The numbers alone tell a staggering story. Mandhana became the first woman in history to score more than 1,000 runs in a calendar year in One-Day Internationals, finishing 2025 with 1,362 runs. She did it with authority: five centuries, five half-centuries, an average of 61.9, and a strike rate touching 110. In a format that demands both control and acceleration, Mandhana mastered the balance, setting new benchmarks for consistency and tempo.
Her ODI dominance was the backbone of India’s World Cup campaign. Across the tournament, she amassed 434 runs, the second-highest tally overall and the most by an Indian batter in a single edition. The defining moment came with a World Cup century against New Zealand, an innings that blended composure with command and announced India’s intent to go all the way. By the time India lifted the trophy on November 2, 2025, Mandhana’s bat had already done much of the heavy lifting.
That World Cup win was also symbolic. Indian women’s cricket had waited decades for the ultimate prize, and Mandhana’s performance ensured the breakthrough was built on dominance rather than chance. She was not merely present in the tournament; she shaped it, setting the tone at the top of the order and forcing oppositions into defensive positions early.
Beyond the World Cup, 2025 marked Mandhana’s arrival into truly elite territory in women’s cricket. During the year, she crossed 10,000 international runs across formats, becoming only the second Indian woman and the fourth overall to reach the milestone. More impressively, she did it faster than anyone before her, in terms of innings played. It was a moment that placed her firmly among the global greats, not just as a stylish batter, but as a sustained performer across conditions and formats.
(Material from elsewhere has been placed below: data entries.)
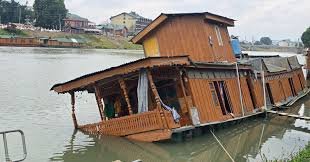 Houseboat Partially Sinks In River Jhelum; SDRF, River Police Launch Rescue Operation In Srinagar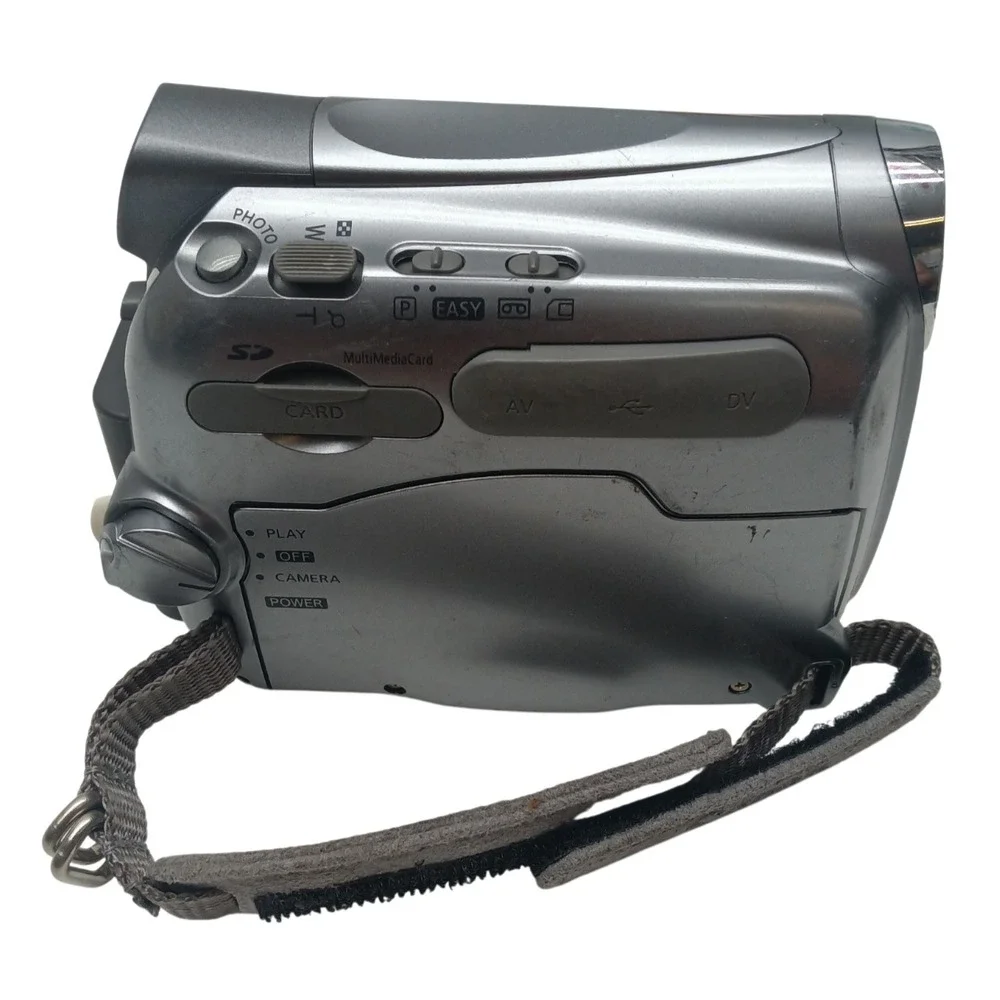 Canon ZR700 MiniDV Camcorder Video Camera + Zoom New Battery & Charger [4 PARTS]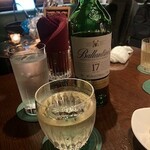 バー アンカーアンドラダー - 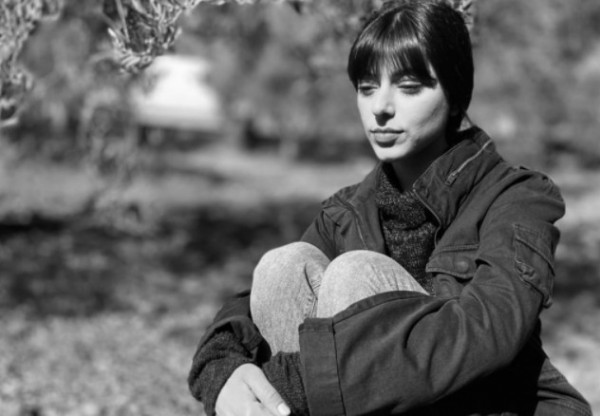 Η Γη της Ελιάς: Η Ευτυχία πέφτει θύμα μιας ύποπτης ληστείας – Ποιος κρύβεται από πίσω;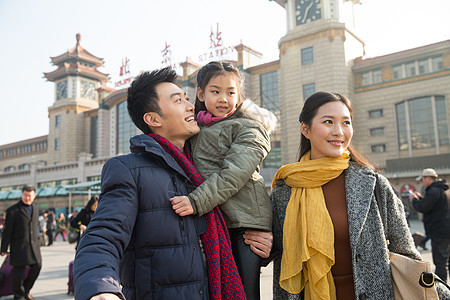 东方人核心家庭水平构图幸福家庭在火车站图片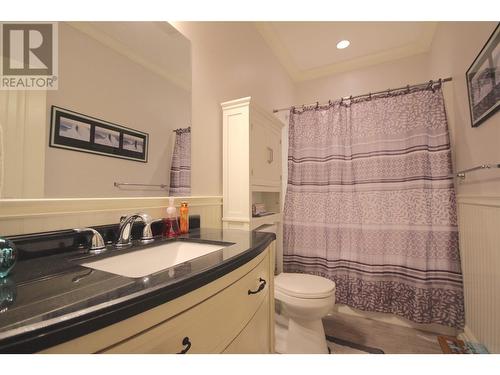 1004 90 Avenue, Dawson Creek, BC - Indoor Photo Showing Bathroom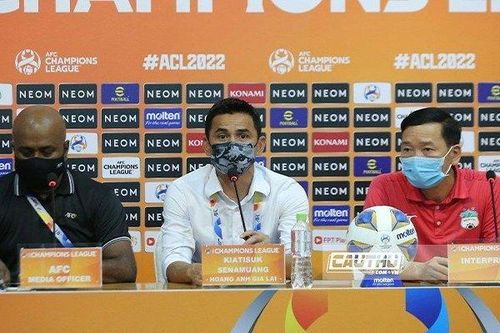 Kiatisak: 'Chúng tôi thua vì đối thủ có tới 2,3 đội hình'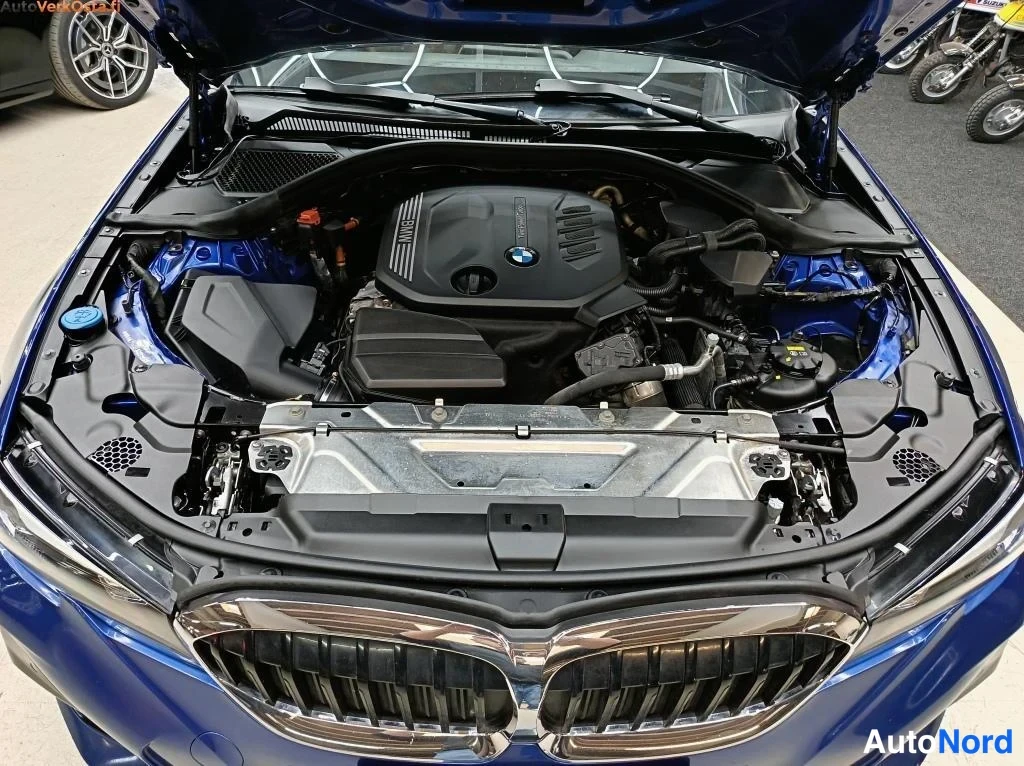 Sininen BMW 320d xDrive 2020, moottoritila, kuva 17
Her achievements were not confined to ODIs. In T20 internationals, Mandhana crossed 4,000 runs, becoming the first Indian woman to do so and the fastest in the world by balls faced. The milestone came fittingly with a fluent 80 against Sri Lanka in December, an innings that also carried her past the 10,000-run mark internationally. It underlined a defining feature of her 2025 season: she finished as strongly as she began.
Mandhana also completed a rare and historic treble by scoring centuries in all three formats—Tests, ODIs, and T20Is—becoming the first Indian woman to achieve the feat. In a sport where format specialization is increasingly common, her ability to excel across the spectrum set her apart. Whether constructing long innings in ODIs, adapting to the patience required in Tests, or accelerating in T20Is, Mandhana showed a technical completeness few possess.
What made her 2025 special, however, was not just volume or versatility, but intent. Her strike rates, particularly in ODIs, reflected a batter unafraid to redefine tempo in the women’s game. She attacked when conditions allowed, rotated strike intelligently, and imposed herself on bowling attacks rather than reacting to them. It was modern batting at its most assured.
There was also a quiet leadership in Mandhana’s performances. Even when she was not wearing the captain’s armband, her presence at the crease brought calm and belief. Partnerships flourished around her, and younger batters found confidence batting alongside someone operating at the peak of her powers. In pressure moments, she offered India certainty.
By the end of 2025, Smriti Mandhana’s season stood apart not only in Indian cricket, but in the global women’s game. She combined personal milestones with team success, elegance with impact, and consistency with peak performances when it mattered most.
In a year that will be remembered for India’s World Cup breakthrough, Mandhana emerged as its finest individual performer. Her 2025 was not just prolific—it was transformative, setting new standards for what an Indian woman cricketer can achieve on the world stage.